Along the roadsides and southern hills the blackberries are ripe. They hang fat and gleaming in the sun, tempting passing cyclists. This time of year you’ll often see me at the side of the road or pulled up on the sidewalk, bicycle discarded, hands scratched and lips purple, mouth full of sunshine.
A perfectly ripe blackberry is plump and firm between your finger tips. It separates from the stem with the gentlest tug. The attachment point is clean white. Press it between your tongue and palate and it dissolves with the sweet, dark taste of summer. For baking, though, you want sour with your sweet. Pick your berries a little firmer, a little less glossy. They separate with a twist and a snap so soft you feel it in your fingers more than hear it.

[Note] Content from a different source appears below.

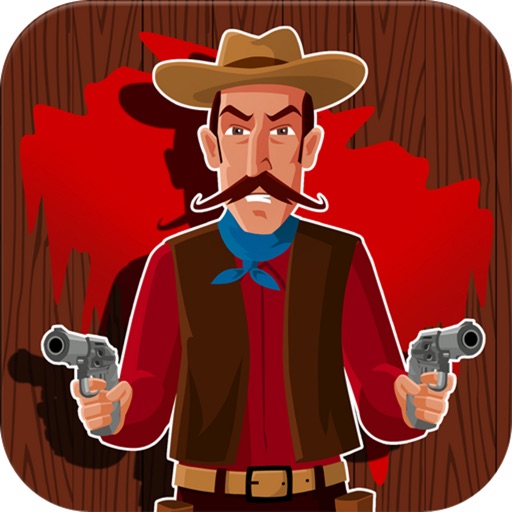 Cowboy Showdown Pro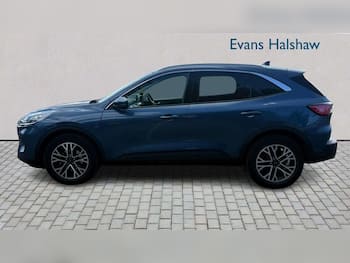Used Ford Kuga 2024 for sale - 79604486: Photo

I rode back from the commissary late on Thursday. The sun had set, the sky ahead fading orange to green to white. At home, I pulled double-kneed canvas pants out of my pannier and on over my shorts, zipped my dad’s old hickory striped work shirt over my tank top, and switched my sandals for the boots just inside the door, not bothering with socks. I walked to the bottom of the garden. I was still wearing my helmet with its mounted light. The wall of brambles rose in front of me. I could hear a small creature scurrying underneath, the roar of the telephone pole factory like an airplane taking off, cars on the road behind me. On the other side of the hedge the neighbor’s dog stirred and growled on its chain. I pushed into the thorns, using the protection of pants and boots to reach deeper. The blackberries gleamed in the white light of my helmet. I filled one half flat and another till I had enough for the market bake. Then I picked up my boxes, turned off my light, and walked back to the house in the dark.